* _Instructions for the task_: Each image should be skipped while the records are restated word for word.
** Opening Data extract block **
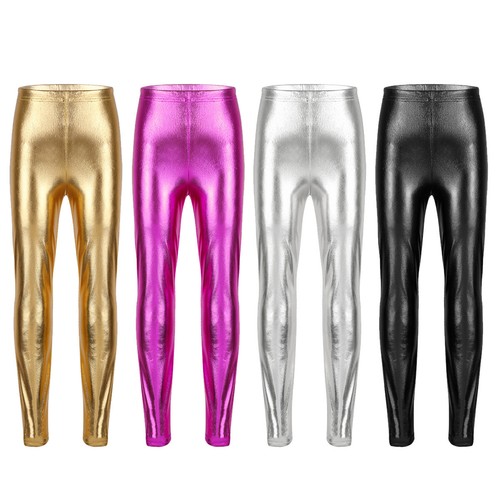 Mädchen Leggings Metallic Skinny Leggins Hose Party Karneval Fasching Kostüm - Bild 1 von 37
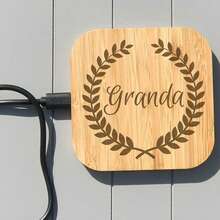 Personalized Bamboo 15W Wireless Charger Custom Engraving Text, Wedding Gift Anniversary Custom Charger Gift, Personalized Gift For Boyfriend - Best Man Customized Gifts, Groomsmen Gift, Present For Dad Husband Boyfriend, Best Gift For Birthday, Wedding Anniversary, Valentine's Day, Father's Day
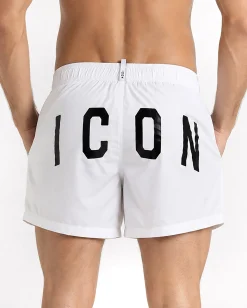 Costume da bagno bermuda mare uomo boxer con coulisse stampa retro bianco ICON-IUW001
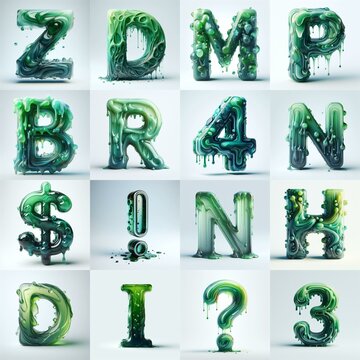 Green glass 3D Lettering Typeface. AI generated illustration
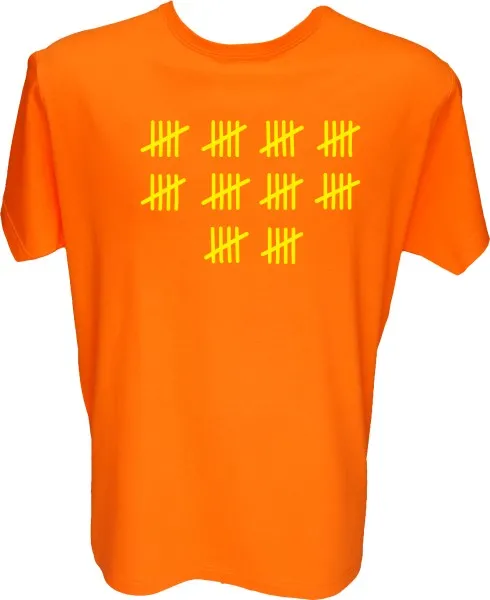 Majica-Štetje črtic 50 Let XXL-oranžna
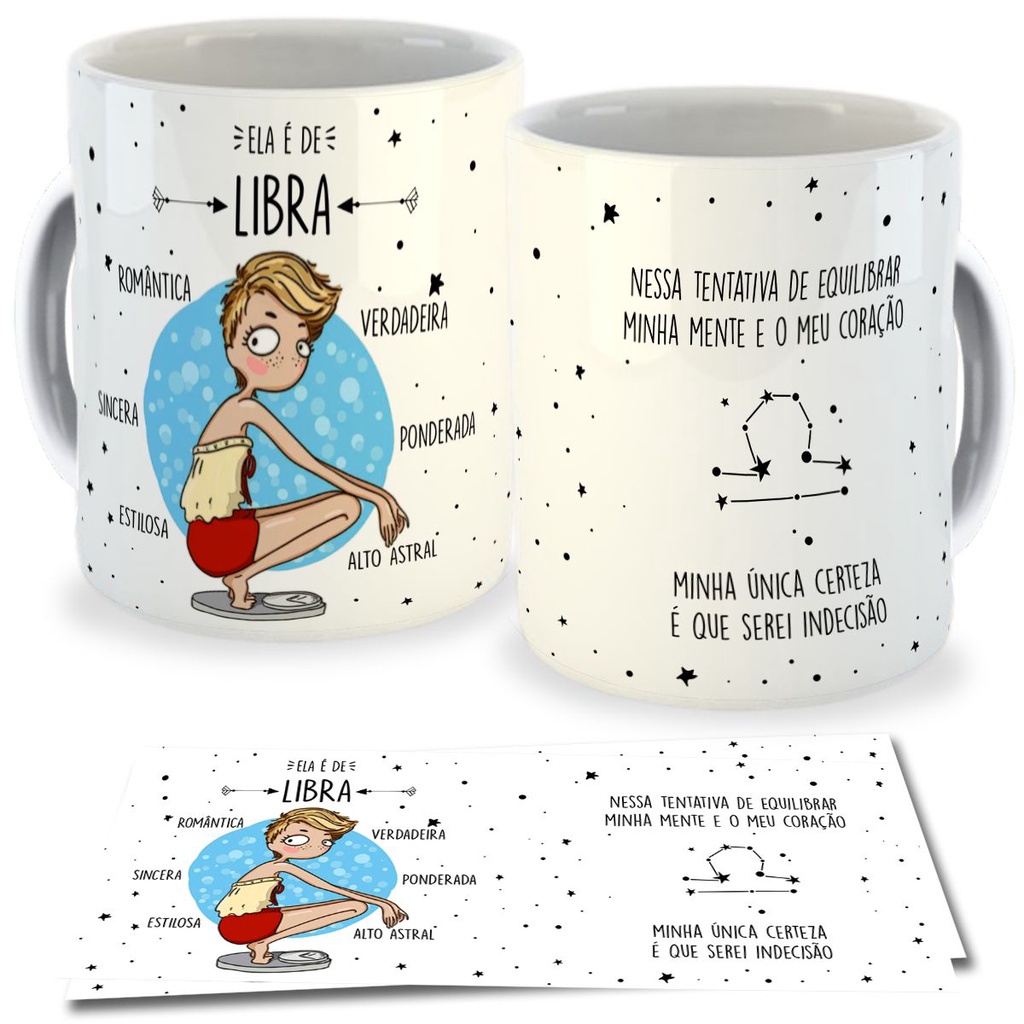 Caneca Signo Libra - Zodíaco Personalizada Signos LIbriana com Nome Xicara de Porcelana 23/09 a 22/10 para Presente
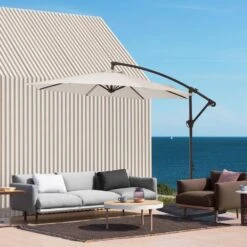 10ft Cantilever Offset Patio Umbrella With Weighted Base In Off-White -More Furniture Store cantilever umbrellas alex10 white c3 1000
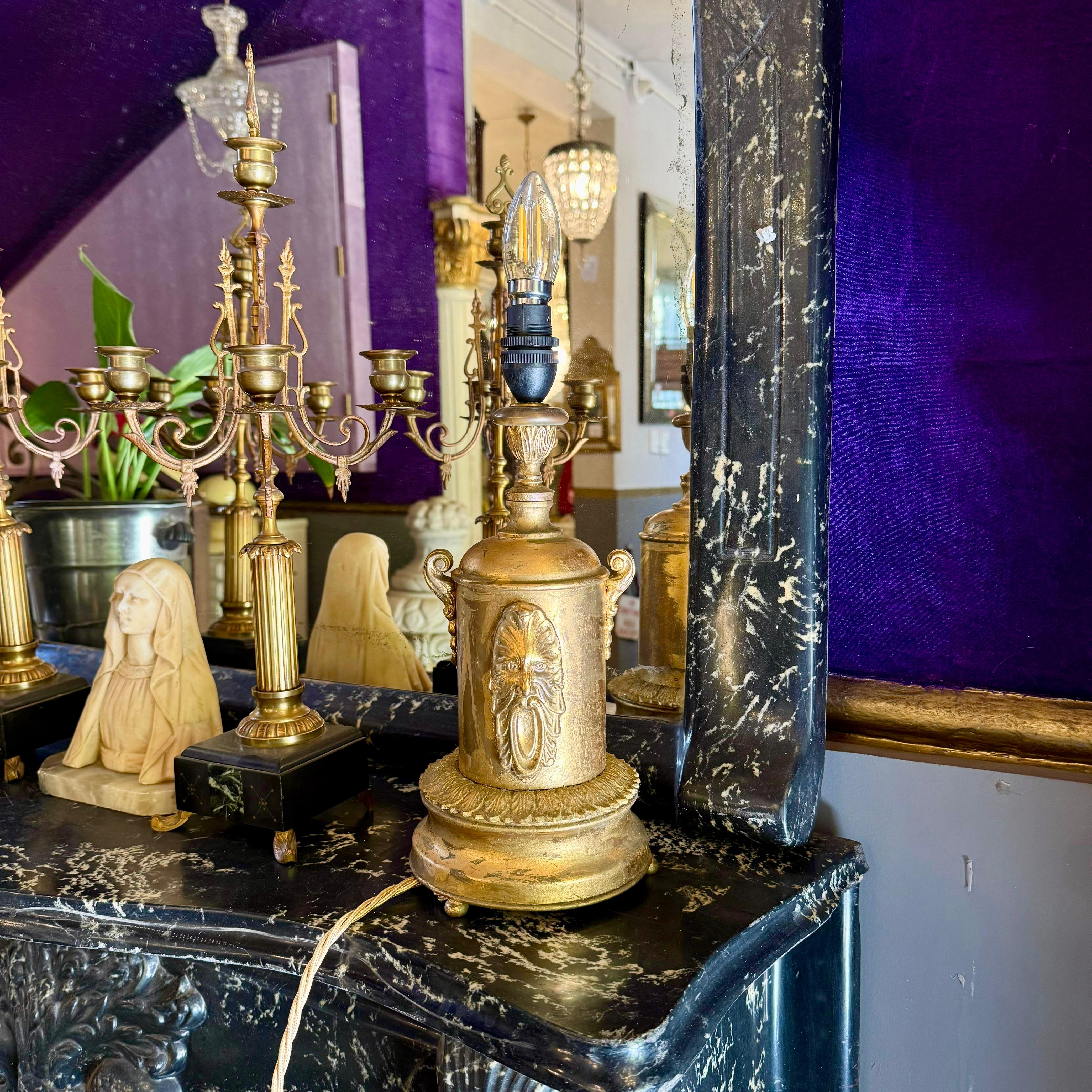 Antique Carved Gilt Lamp of Zeus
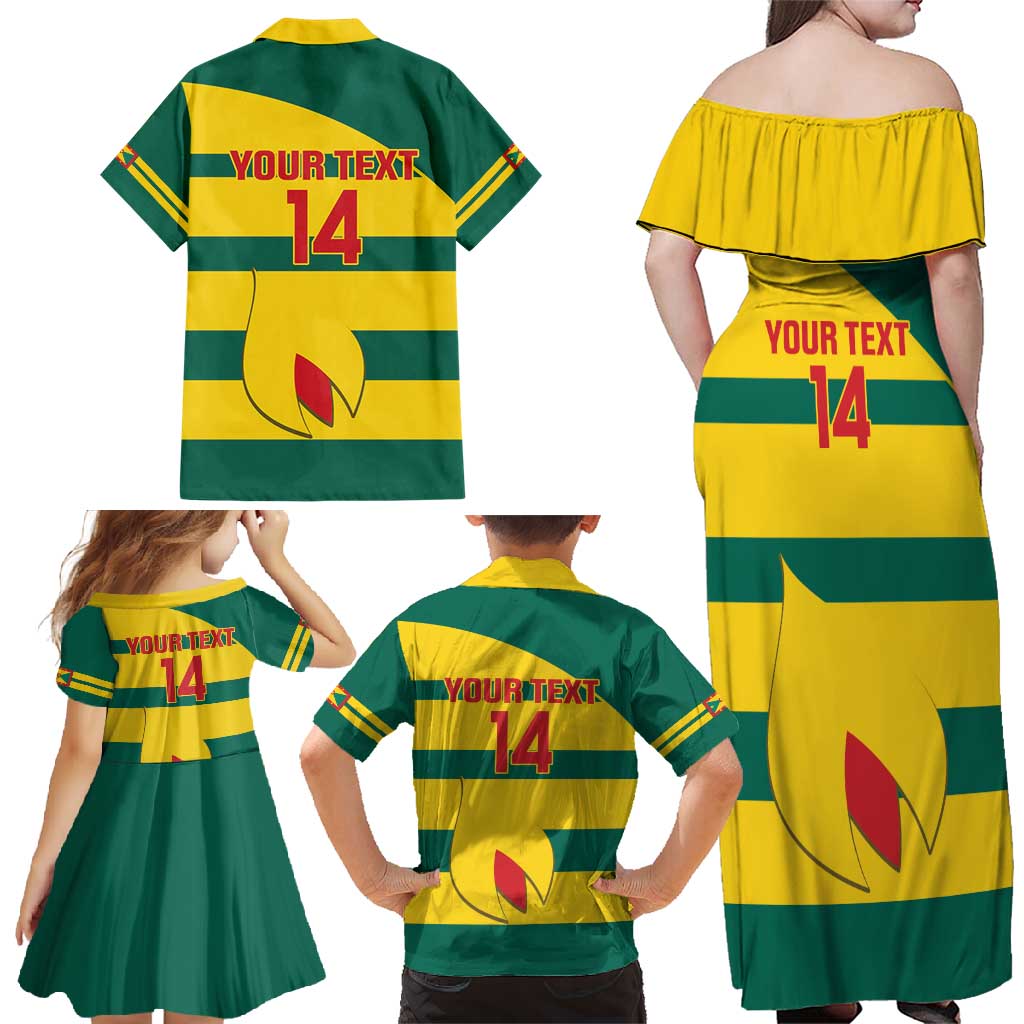 Custom Grenada Football Family Matching Off Shoulder Maxi Dress and Hawaiian Shirt Go Spice Boys Green Version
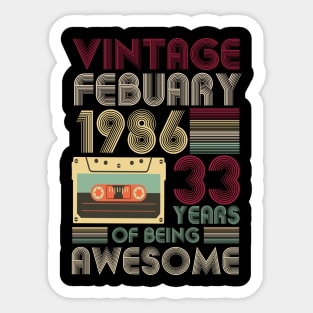 vintage february 1986 33 years gift Sticker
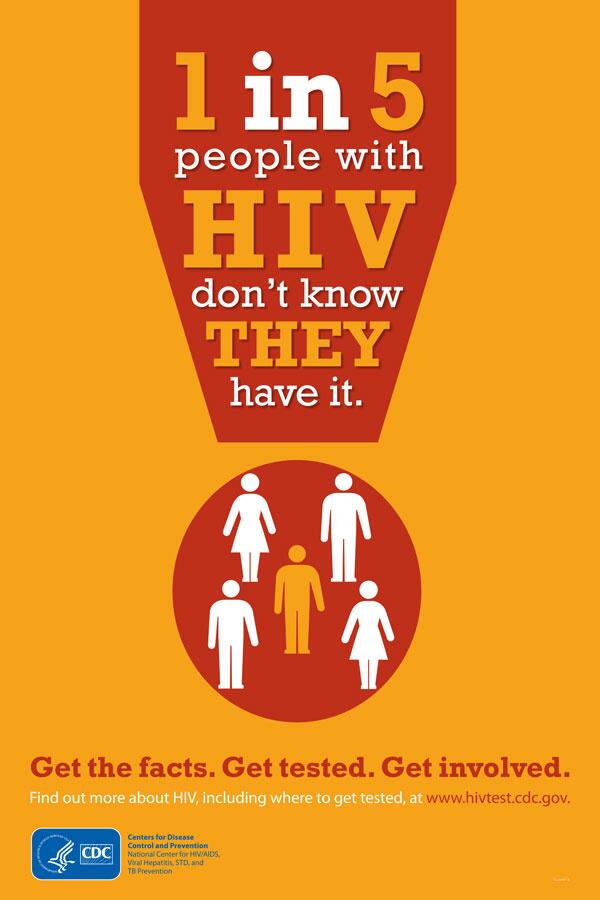 CDCSTD's tweet photo. 1 in 5 people who have #HIV don’t know it. Get the facts, get tested, get involved! http://t.co/LLyQGKb7nk #WAD2013 http://t.co/LHrqDM0crq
** Closing Data extract block **
* _The completed task_:
 Mädchen Leggings Metallic Skinny Leggins Hose Party Karneval Fasching Kostüm - Bild 1 von 37
 Personalized Bamboo 15W Wireless Charger Custom Engraving Text, Wedding Gift Anniversary Custom Charger Gift, Personalized Gift For Boyfriend - Best Man Customized Gifts, Groomsmen Gift, Present For Dad Husband Boyfriend, Best Gift For Birthday, Wedding Anniversary, Valentine's Day, Father's Day
 Costume da bagno bermuda mare uomo boxer con coulisse stampa retro bianco ICON-IUW001
 Green glass 3D Lettering Typeface. AI generated illustration
 Majica-Štetje črtic 50 Let XXL-oranžna
 Caneca Signo Libra - Zodíaco Personalizada Signos LIbriana com Nome Xicara de Porcelana 23/09 a 22/10 para Presente
 10ft Cantilever Offset Patio Umbrella With Weighted Base In Off-White -More Furniture Store cantilever umbrellas alex10 white c3 1000
 Antique Carved Gilt Lamp of Zeus
 Custom Grenada Football Family Matching Off Shoulder Maxi Dress and Hawaiian Shirt Go Spice Boys Green Version
 vintage february 1986 33 years gift Sticker
 CDCSTD's tweet photo. 1 in 5 people who have #HIV don’t know it. Get the facts, get tested, get involved! http://t.co/LLyQGKb7nk #WAD2013 http://t.co/LHrqDM0crq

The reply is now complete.